Recorded data:
*** Block opens ***

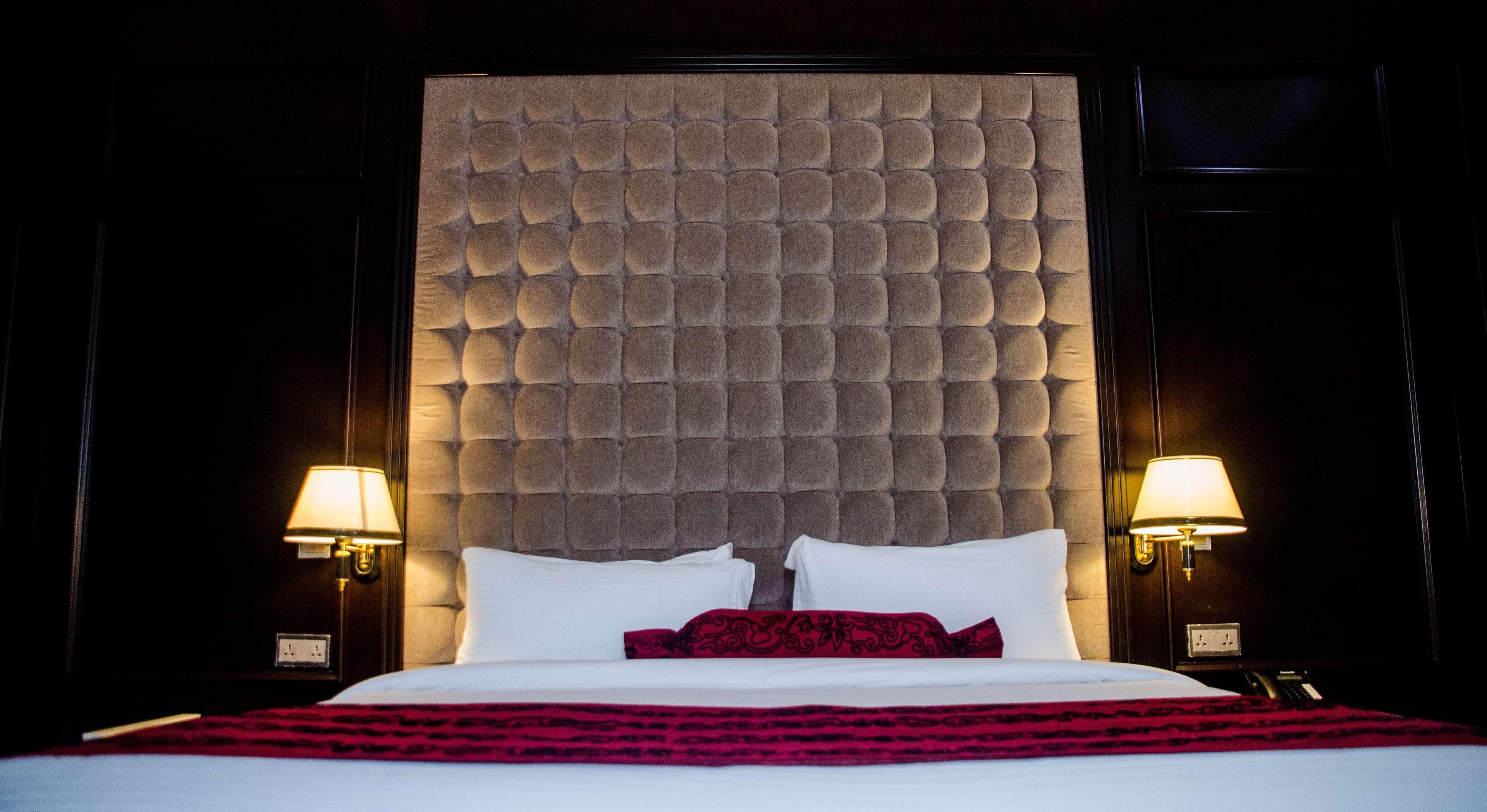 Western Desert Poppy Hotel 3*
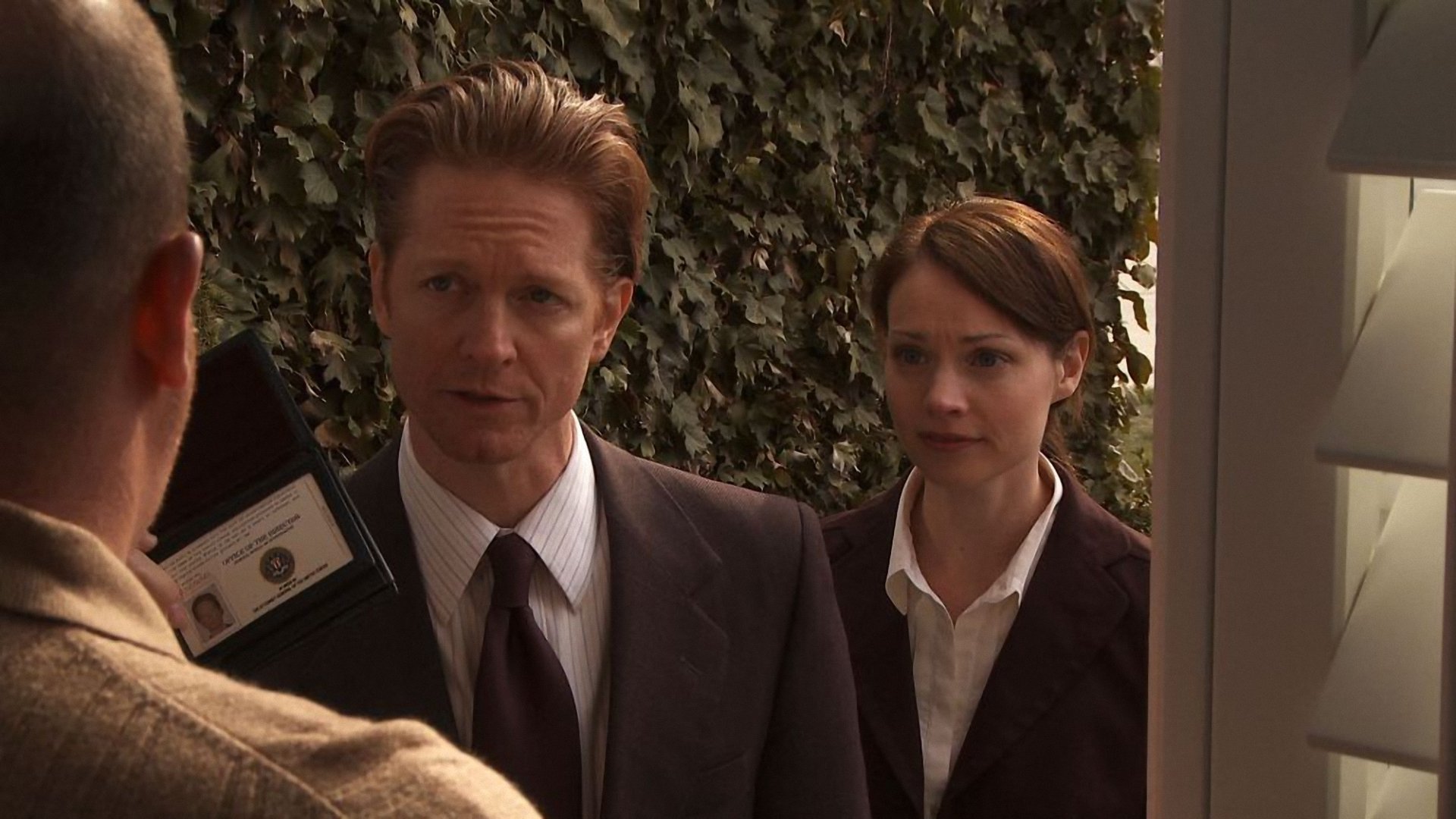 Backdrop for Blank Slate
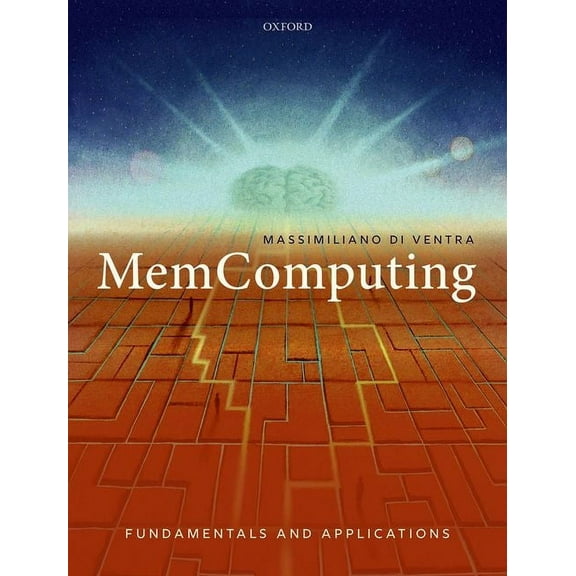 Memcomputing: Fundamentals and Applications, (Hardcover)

*** Block closes ***

Task requirements: Copy the data word for word. Pictures do not go in the copy.

Answer section:
 Western Desert Poppy Hotel 3*
 Backdrop for Blank Slate
 Memcomputing: Fundamentals and Applications, (Hardcover)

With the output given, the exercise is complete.